Where I stopped reading: I stopped reading about a hundred pages in, and I skimmed other parts to see if I should keep reading.
Why I stopped reading? I just couldn’t get into this book, and I really wanted to. I mean, look at that cover! Check out the title! It just screams, “Read me!” But . . . none of the characters were likeable. None of them. They weren’t nice, they had no redeeming qualities, they were all selfish, and they were all pretty vulgar. I’m not a prude or anything, and I can swear with the best of them, but this was just too much. Some parts had too much graphic detail that really wasn’t necessary and just turned me off completely. I think The People We Hate at the Wedding had so much potential, but it really fell short for me.
What others have rated this book: According to Goodreads, the average rating for The People We Hate at the Wedding is 3.04 stars. It looks like a majority of readers gave this book 3 stars. There were a mixture of star reviews on Amazon. At Barnes & Noble, the majority of the reviews were 4 stars. Just because I didn’t finish this book doesn’t mean you won’t.
About the book – from Goodreads:
Relationships are awful. They’ll kill you, right up to the point where they start saving your life.
Paul and Alice’s half-sister Eloise is getting married! In London! There will be fancy hotels, dinners at “it” restaurants and a reception at a country estate complete with tea lights and embroidered cloth napkins.

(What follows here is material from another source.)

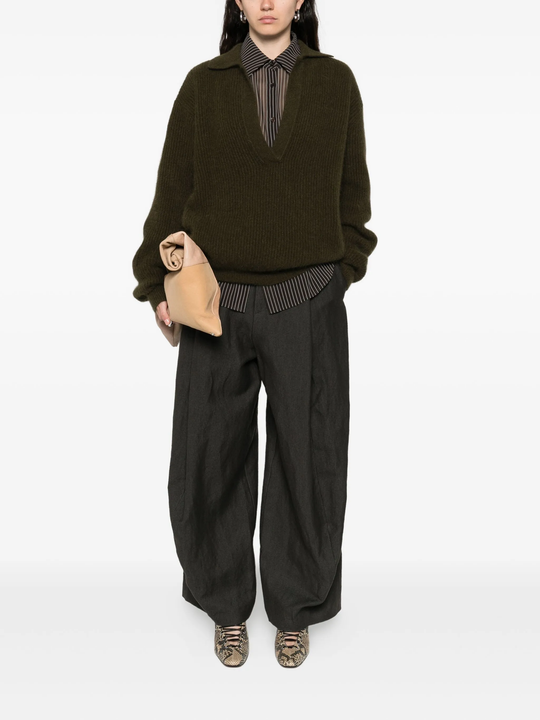 Green shirt, full body view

They couldn’t hate it more.
The People We Hate at the Wedding is the story of a less than perfect family. Donna, the clan’s mother, is now a widow living in the Chicago suburbs with a penchant for the occasional joint and more than one glass of wine with her best friend while watching House Hunters International. Alice is in her thirties, single, smart, beautiful, stuck in a dead-end job where she is mired in a rather predictable, though enjoyable, affair with her married boss. Her brother Paul lives in Philadelphia with his older, handsomer, tenured track professor boyfriend who’s recently been saying things like “monogamy is an oppressive heteronormative construct,” while eyeing undergrads. And then there’s Eloise. Perfect, gorgeous, cultured Eloise. The product of Donna’s first marriage to a dashing Frenchman, Eloise has spent her school years at the best private boarding schools, her winter holidays in St. John and a post-college life cushioned by a fat, endless trust fund. To top it off, she’s infuriatingly kind and decent.
As this estranged clan gathers together, and Eloise’s walk down the aisle approaches, Grant Ginder brings to vivid, hilarious life the power of family, and the complicated ways we hate the ones we love the most in the most bitingly funny, slyly witty and surprisingly tender novel you’ll read this year.